BEGIN Supplied material

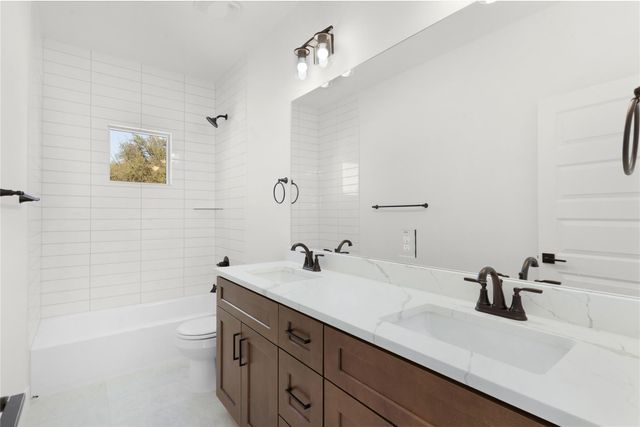 107 Carmen CV, Burnet, TX 78611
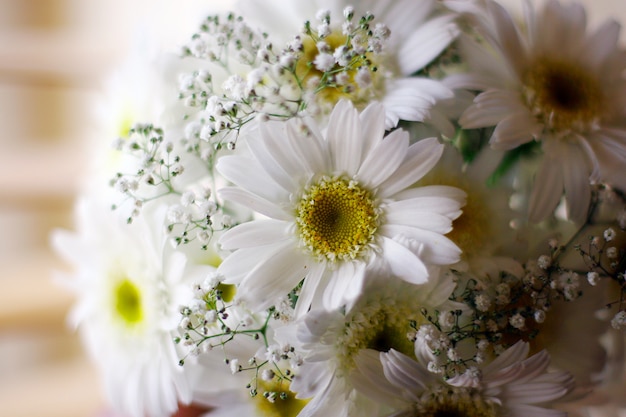 Free photo wedding bucket of white flowers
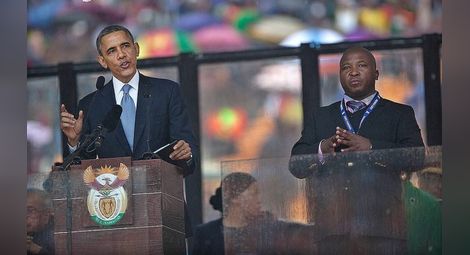 Мнимият преводач от церемонията за Мандела имал шизофреничен пристъп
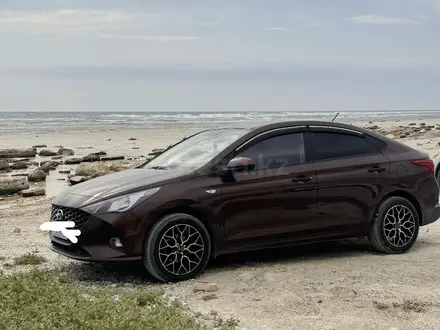 Hyundai Accent 2021 года за 7 000 000 тг. в Актау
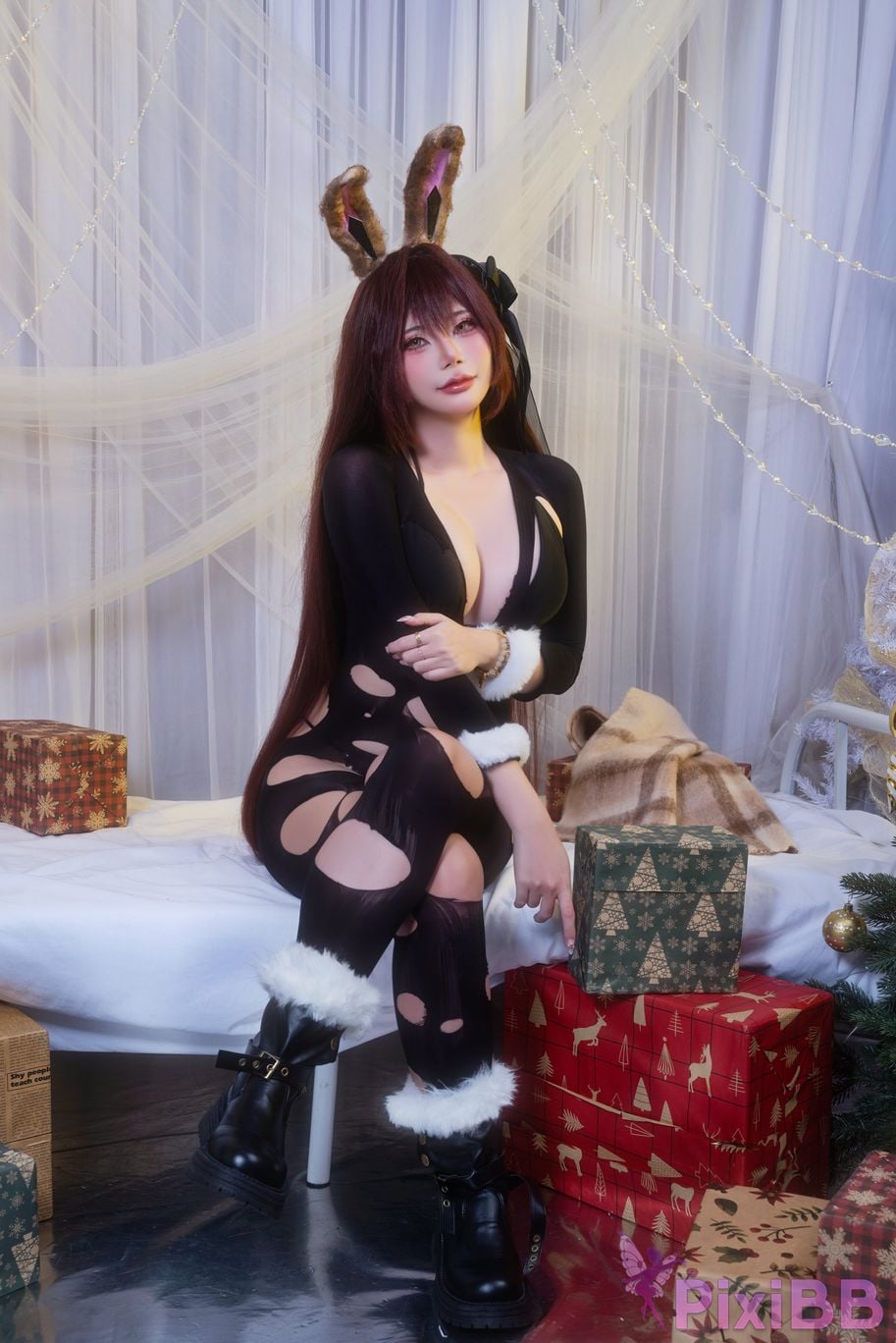 Cosplayer Miinmeow Noir PixiBB.COM 019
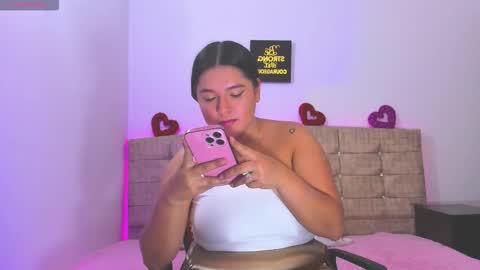 Snapshot of summer_girls01 chatting on 10.05.25 summer_girls01 online show from 10.05.25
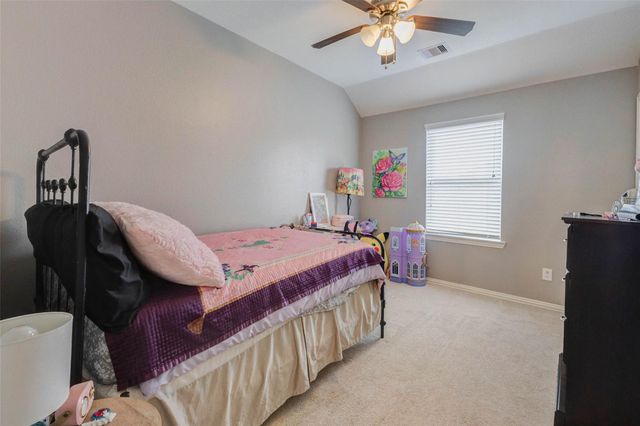 6614 Hunters Way Lane, Baytown, TX 77521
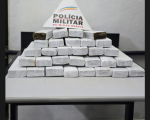 Arcos: PM apreende 29 barras de maconha em veículo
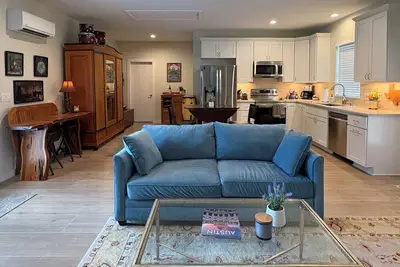 Image de Austin Groove Studio - Private Casita with a Music Vibe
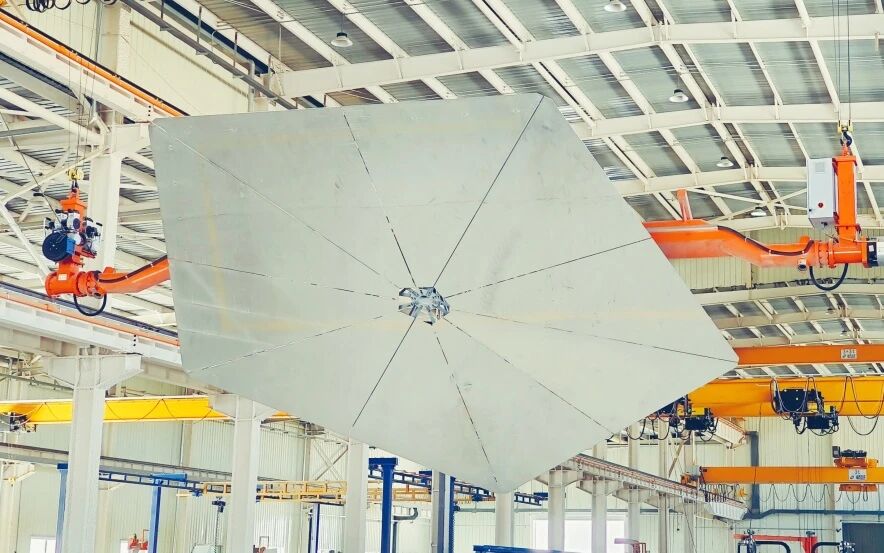 全国首条抗超高风速定日镜产线建成(图1)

END Supplied material

Requirement: Find the line with "Cosplayer Miinmeow Noir PixiBB.COM 019" and the line with "Arcos: PM apreende" in the records above. Copy both and all lines between them exactly, without pictures.

Written response:
 Cosplayer Miinmeow Noir PixiBB.COM 019
 Snapshot of summer_girls01 chatting on 10.05.25 summer_girls01 online show from 10.05.25
 6614 Hunters Way Lane, Baytown, TX 77521
 Arcos: PM apreende 29 barras de maconha em veículo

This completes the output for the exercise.